Clinical course of the patient undergoing crizotinib (CRZ) desensitization as fifth-line therapy. ALT, alanine aminotransferase; AST, aspartate aminotransferase.
Figure 3.
(A) Computed tomography (CT) scan prior to desensitization with crizotinib treatment and (B) CT scan 1 month after starting crizotinib treatment, showing partial response of the tumor.
Discussion
The detection of ALK rearrangement in non-small-cell lung cancer (NSCLC) prompted the development of ALK inhibitors. Crizotinib is the first inhibitor of ALK, ROS1 and MET. Although there are several ALK inhibitors, one of which, alectinib, appears to be more efficacious and less toxic compared with crizotinib (3), crizotinib is not only an ALK inhibitor, but also acts against ROS1 (4). However, is important to establish a method of re-administration following the development of crizotinib-induced adverse effects.
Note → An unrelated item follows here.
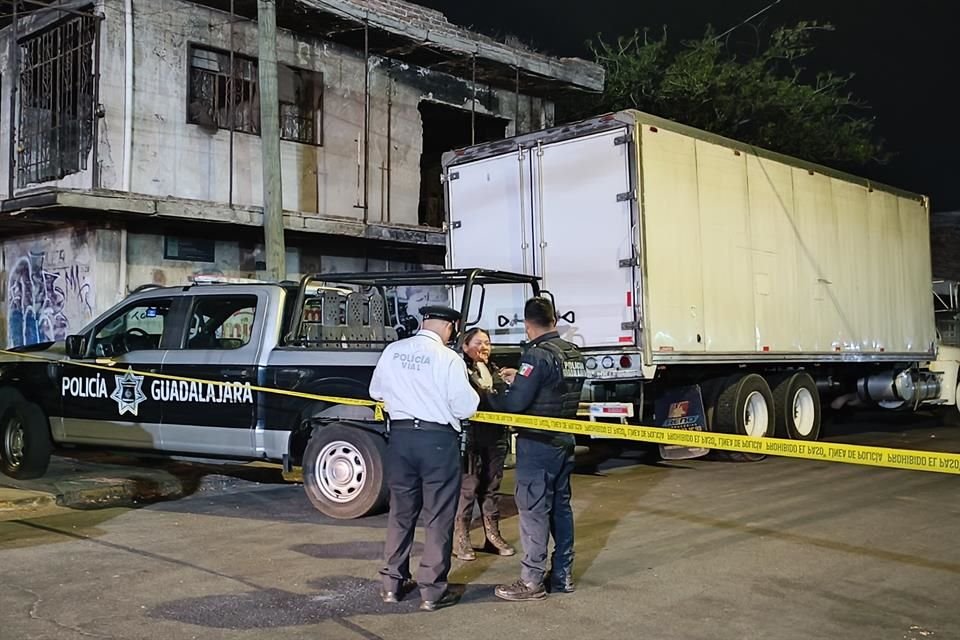 El caso de la persona en situación de calle, sucedió en la Colonia Echeverría en Guadalajara; estaba debajo de automóvil cuando el dueño, llegó y avanzó, hasta darse cuenta que había alguien debajo.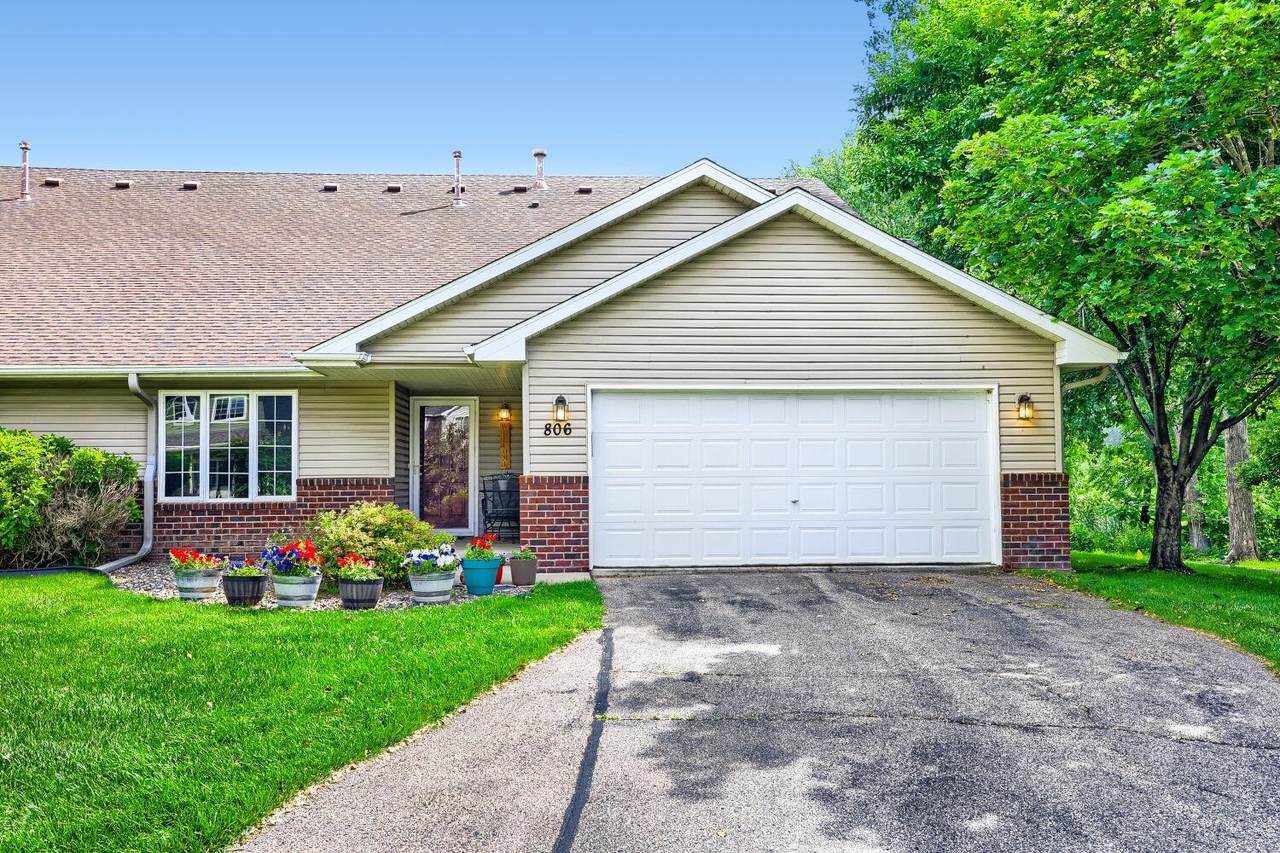 806 Boldt Street - Photo 1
One of the most common adverse effects of crizotinib is hepatotoxicity. Grade 3–4 ALT elevations occur in ~15% of NSCLC patients with ALK rearrangement mutations (2,5). Three cases of crizotinib-induced hepatitis have been reported, all of which occurred within a few months after the introduction of crizotinib (6–8). In one of those cases, rechallenge with half-dose crizotinib failed due to recurrence of hepatitis (6). Similarly, in the present case, dose-independent hepatotoxicity suggested that the underlying mechanism was partly an allergic reaction to crizotinib or its metabolites; however, the precise mechanism underlying crizotinib-induced liver toxicity has not been fully elucidated. Although successful desensitization with crizotinib following crizotinib-induced urticarial rash was reported (9), there was no report of desensitization to ALK inhibitors following drug-induced liver injury. In the present case, oral steroids were used together during oral desensitization, which may have contributed to the treatment success. However, common dose reduction with oral steroids following crizotinib-induced hepatitis did not improve the hepatitis; therefore, oral desensitization may be considered as a viable option following crizotinib-induced hepatitis. Drug-induced liver injury is generally associated with type 4 hypersensitivity reactions; the fact that crizotinib desensitization overcame hepatitis suggested the involvement of type 1 hypersensitivity.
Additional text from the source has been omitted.